The household reference person's account will be used to derive flags for each member of the household which decide over which questions are addressed to them in their individual interview. Now, if the household grid suggested that somebody has 3 natural children but they were in fact not. It could be that the interviewer has then picked a random child from the suggested list of children in the househols three times to get out of the loop over # of (suggested) natural co-resident children. The respondent would then appear to have three natural children who all have the same _lchno.
To make things yet a little more complicated, the interviewer would also have gone back to the household grid to correct the information initially provided in the grid. However, _nnatch etc would not be re-calculated unless the interviewer went through the whole household grid again (again: the question sequence and careful reading of the universe instructions will give you hints!). This is an iterative process where some errors may and others may not have been picked up in the interviews, and it is difficult to work out which information to trust more.

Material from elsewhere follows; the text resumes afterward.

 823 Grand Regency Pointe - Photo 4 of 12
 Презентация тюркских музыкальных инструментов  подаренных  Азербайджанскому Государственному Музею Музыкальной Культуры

You will have to sit down and work out where each piece of information is likely to come from, and possiblbly also consider who was interviewed first. Personally, I would tend to trust reports from the respondents' themselves more than reports from another member of the household. You may also want to consider that some natural children may in fact be step children and their information may therefore be stored in a different data file. I would suspect that some of the duplicates will have -8 on the birthweight (or other variables) while others don't; this could also help you identify which children were misclassified in the household grid and the interviewer just filled in -8 to get out of the inapplicable loop. It may also help to use the edited relationship variable as a reference, if only to see which households had known problems in the reported relationships.